• _Records for the task_
_ _ _

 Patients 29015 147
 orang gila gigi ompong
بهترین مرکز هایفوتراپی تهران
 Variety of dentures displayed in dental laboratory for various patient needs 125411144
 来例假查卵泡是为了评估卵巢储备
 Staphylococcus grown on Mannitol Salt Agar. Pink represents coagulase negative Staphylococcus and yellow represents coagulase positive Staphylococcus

_ _ _

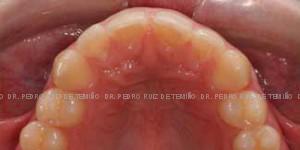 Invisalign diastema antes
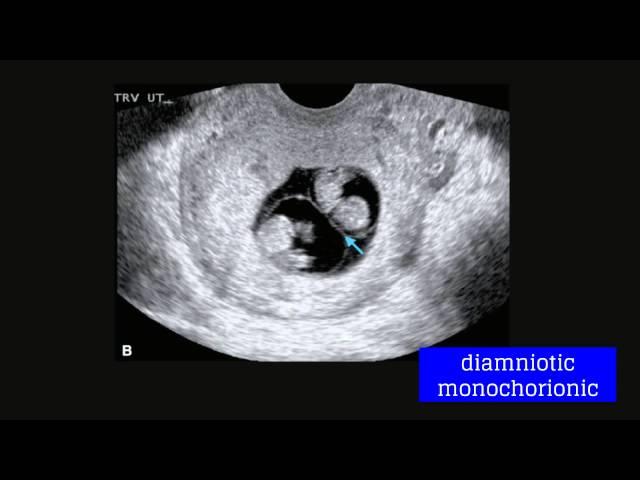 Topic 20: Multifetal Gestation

_ _ _

• _Exercise objective_
For this task, write out exactly the lines of the entries above, starting at the line with "Patients 29015 147" and ending at the line with "来例假查卵泡是为了评估卵巢储备", both included, and no others.

• _Expected output_
 Patients 29015 147
 orang gila gigi ompong
بهترین مرکز هایفوتراپی تهران
 Variety of dentures displayed in dental laboratory for various patient needs 125411144
 来例假查卵泡是为了评估卵巢储备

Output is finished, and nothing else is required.